News About Debt Collection Rulemaking
As many consumers in the Chicago area know, the Consumer Financial Protection Bureau (CFPB) is a federal agency that has a primary task of regulating the industry of debt collection in our country. According to a recent article from ACA International, the CFPB announced its Spring 2016 Regulatory Agenda, which includes a timetable for debt collection rulemaking. Currently, the CFPB remains in “pre-rule activities,” which must come before “the next step of the highly anticipated rulemaking,” according to the article. Why is CFPB rulemaking important, and why are consumer advocates eager to see this process move forward? To better understand, we should take a closer look at the article and the implications of the CFPB’s regulatory agenda.
Implications of the Spring Regulatory Agenda
While terms like “pre-rule activities,” “rulemaking,” and “comment period” can be confusing for the average Oak Park resident, one of the most important pieces of information about CFPB rulemaking is simple: the agency is taking steps to protect consumers from abusive and unfair debt collection practices. As the article explains, the CFPB’s Spring 2016 Regulatory Agenda “is an indication of its intentions to move forward with the debt collection . . . process in the near term.”
The updated agenda indicates that the CFPB expects its pre-rule activities to last until at least June of this year. In other words, the rulemaking process will not move forward until then, and the pre-rule activities may in fact last beyond that date. While the agenda does make clear that the CFPB is moving along in the rulemaking process, its recently released agenda does not “really provide any significant insight into the date when a proposed rule for debt collection will finally be released,” according to the article. The article also underscores that the rulemaking has been delayed previously.
Impact of CFPB Debt Collection Rulemaking
What will the eventual impact look like when it comes to CFPB rulemaking? According to the CFPB’s website, a significant part of the agency’s Congressional mandate is to create rules that help to keep consumer finance markets effective. One of the more significant concerns in the CFPB’s recent rulemaking efforts concerns mandatory arbitration clauses.

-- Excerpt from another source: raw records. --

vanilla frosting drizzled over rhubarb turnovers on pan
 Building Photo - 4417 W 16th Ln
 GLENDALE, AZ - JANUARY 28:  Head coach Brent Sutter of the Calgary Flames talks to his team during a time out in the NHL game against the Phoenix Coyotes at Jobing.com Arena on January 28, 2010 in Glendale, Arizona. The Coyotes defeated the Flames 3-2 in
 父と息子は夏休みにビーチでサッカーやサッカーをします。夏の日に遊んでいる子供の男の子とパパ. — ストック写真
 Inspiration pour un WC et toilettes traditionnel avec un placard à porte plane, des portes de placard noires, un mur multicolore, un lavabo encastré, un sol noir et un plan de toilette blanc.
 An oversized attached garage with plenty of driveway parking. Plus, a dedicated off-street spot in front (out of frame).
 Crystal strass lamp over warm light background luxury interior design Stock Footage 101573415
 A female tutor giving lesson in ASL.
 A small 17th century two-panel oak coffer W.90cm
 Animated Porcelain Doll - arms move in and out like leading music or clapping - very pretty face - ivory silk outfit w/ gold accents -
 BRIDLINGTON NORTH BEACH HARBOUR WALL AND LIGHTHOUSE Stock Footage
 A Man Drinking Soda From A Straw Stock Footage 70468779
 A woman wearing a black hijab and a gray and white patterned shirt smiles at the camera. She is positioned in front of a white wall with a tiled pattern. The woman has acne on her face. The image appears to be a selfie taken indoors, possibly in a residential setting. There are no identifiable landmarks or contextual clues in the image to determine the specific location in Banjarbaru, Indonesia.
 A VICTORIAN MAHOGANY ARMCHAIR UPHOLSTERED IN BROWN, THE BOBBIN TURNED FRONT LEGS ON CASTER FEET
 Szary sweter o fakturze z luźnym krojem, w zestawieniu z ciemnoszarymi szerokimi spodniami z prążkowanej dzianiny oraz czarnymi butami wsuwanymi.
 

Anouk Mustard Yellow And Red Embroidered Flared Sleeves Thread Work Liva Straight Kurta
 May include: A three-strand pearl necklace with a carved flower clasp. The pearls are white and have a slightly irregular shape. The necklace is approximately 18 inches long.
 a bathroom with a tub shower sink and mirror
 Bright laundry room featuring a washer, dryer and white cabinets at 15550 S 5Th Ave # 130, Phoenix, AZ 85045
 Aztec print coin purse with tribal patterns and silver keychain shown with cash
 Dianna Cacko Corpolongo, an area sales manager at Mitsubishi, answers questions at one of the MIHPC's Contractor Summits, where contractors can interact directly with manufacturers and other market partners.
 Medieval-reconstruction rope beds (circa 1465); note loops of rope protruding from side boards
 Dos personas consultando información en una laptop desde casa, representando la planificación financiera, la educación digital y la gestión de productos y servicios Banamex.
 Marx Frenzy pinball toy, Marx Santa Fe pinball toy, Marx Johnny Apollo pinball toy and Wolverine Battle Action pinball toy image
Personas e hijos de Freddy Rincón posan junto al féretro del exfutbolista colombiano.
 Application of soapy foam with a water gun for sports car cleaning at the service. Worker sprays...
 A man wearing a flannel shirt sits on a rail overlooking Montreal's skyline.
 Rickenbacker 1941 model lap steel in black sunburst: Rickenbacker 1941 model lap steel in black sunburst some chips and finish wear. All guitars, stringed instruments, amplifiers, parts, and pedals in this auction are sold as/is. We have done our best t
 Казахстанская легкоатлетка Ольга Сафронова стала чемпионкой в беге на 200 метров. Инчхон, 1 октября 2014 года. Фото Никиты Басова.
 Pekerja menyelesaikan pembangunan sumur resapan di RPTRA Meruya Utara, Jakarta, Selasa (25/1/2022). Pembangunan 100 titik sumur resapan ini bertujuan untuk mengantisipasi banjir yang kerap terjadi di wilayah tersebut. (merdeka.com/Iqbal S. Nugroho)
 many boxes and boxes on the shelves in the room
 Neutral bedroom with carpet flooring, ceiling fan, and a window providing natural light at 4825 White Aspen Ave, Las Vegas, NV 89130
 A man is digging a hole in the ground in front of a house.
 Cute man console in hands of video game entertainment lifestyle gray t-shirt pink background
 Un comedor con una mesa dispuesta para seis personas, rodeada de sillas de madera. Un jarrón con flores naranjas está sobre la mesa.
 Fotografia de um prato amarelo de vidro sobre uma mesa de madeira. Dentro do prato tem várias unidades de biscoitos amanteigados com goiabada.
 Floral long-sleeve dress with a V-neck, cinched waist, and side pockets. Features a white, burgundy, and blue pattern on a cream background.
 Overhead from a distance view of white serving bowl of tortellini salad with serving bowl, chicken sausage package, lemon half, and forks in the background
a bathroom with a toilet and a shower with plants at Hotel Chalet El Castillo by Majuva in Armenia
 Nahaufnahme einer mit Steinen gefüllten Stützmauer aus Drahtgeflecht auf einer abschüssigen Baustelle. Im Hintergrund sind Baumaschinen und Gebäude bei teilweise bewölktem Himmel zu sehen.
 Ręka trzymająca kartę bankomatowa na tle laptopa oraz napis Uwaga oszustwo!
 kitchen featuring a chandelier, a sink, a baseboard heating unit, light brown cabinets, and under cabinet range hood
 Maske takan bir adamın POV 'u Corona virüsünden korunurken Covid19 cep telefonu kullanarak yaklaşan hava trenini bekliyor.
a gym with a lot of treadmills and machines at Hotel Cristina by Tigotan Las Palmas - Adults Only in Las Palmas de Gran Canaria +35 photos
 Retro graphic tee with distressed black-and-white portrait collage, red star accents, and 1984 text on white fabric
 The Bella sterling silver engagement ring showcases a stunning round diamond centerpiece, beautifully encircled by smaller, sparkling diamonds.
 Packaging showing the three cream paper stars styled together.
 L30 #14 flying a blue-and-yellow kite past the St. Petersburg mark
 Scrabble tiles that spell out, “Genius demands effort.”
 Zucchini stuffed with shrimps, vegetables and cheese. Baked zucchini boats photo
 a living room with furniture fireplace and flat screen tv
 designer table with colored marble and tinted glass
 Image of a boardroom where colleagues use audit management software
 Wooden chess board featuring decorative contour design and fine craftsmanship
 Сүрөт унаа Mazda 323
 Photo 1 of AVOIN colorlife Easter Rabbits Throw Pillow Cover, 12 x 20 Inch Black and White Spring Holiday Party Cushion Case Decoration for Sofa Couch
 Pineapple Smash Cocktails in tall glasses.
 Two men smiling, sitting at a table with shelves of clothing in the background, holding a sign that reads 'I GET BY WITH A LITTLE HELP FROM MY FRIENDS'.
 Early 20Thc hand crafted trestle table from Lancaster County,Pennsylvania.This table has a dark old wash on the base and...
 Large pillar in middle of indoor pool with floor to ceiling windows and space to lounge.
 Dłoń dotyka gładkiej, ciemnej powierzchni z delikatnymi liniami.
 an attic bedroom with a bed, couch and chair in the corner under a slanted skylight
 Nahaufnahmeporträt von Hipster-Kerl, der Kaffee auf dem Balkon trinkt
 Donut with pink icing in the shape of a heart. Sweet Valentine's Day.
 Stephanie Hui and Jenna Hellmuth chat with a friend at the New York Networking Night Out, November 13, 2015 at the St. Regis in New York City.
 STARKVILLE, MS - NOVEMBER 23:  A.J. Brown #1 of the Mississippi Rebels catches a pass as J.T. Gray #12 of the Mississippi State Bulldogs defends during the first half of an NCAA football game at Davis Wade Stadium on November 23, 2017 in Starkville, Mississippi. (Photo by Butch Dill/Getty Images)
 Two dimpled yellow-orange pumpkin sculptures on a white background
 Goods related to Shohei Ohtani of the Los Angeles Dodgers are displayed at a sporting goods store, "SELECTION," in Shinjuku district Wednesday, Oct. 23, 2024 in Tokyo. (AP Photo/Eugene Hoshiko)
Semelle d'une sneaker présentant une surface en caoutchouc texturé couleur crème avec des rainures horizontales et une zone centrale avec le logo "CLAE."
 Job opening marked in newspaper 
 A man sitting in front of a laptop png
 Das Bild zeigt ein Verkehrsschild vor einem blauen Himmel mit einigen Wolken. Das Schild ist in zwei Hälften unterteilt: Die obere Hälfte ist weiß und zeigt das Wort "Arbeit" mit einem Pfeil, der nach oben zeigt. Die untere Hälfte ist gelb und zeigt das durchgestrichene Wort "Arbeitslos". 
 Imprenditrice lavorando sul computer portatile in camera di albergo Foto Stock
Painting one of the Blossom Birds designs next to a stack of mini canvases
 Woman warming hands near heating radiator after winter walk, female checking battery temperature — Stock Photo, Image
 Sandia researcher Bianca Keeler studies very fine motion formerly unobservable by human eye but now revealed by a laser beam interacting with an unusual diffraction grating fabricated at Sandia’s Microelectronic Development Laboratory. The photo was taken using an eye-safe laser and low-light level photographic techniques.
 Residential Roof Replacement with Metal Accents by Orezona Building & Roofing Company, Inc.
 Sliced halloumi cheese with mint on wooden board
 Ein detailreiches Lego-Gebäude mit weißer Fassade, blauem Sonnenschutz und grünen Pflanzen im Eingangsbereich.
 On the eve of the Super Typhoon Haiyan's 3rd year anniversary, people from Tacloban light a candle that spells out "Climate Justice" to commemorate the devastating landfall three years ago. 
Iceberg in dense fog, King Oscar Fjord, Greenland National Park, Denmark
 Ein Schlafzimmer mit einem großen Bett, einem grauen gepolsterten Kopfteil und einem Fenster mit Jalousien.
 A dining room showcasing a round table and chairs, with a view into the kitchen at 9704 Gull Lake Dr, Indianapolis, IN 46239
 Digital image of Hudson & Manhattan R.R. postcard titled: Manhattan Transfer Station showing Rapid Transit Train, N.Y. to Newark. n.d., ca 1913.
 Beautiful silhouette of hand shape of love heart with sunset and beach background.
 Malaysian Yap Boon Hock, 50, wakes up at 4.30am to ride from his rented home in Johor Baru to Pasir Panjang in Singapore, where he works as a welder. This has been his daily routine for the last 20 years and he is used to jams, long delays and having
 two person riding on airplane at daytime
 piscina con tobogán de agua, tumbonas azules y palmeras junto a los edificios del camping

As a CFPB article makes clear, the agency is concerned that mandatory arbitration clauses, in many cases, hurt consumers. As such, the agency has proposed rules to prohibit mandatory arbitration clauses. The proposed rules are “designed to protect consumers’ right to pursue justice and relief and deter companies from violating the law.” In recent years, more credit card contracts and bank agreements have had mandatory arbitration clauses in them. In many cases, consumers do not even know that they have agreed to arbitration in the event that they are wronged by a creditor. Indeed, “hundreds of millions of consumer contracts” contain mandatory arbitration clauses, and they can prevent consumers from getting a fair hearing in court.
When do pre-rule activities and proposals finally result in rules going into effect? When a rule is proposed, there is a required comment period in which members of the public can provide comments. Only after the comment period will an agency like the CFPB issue a regulation.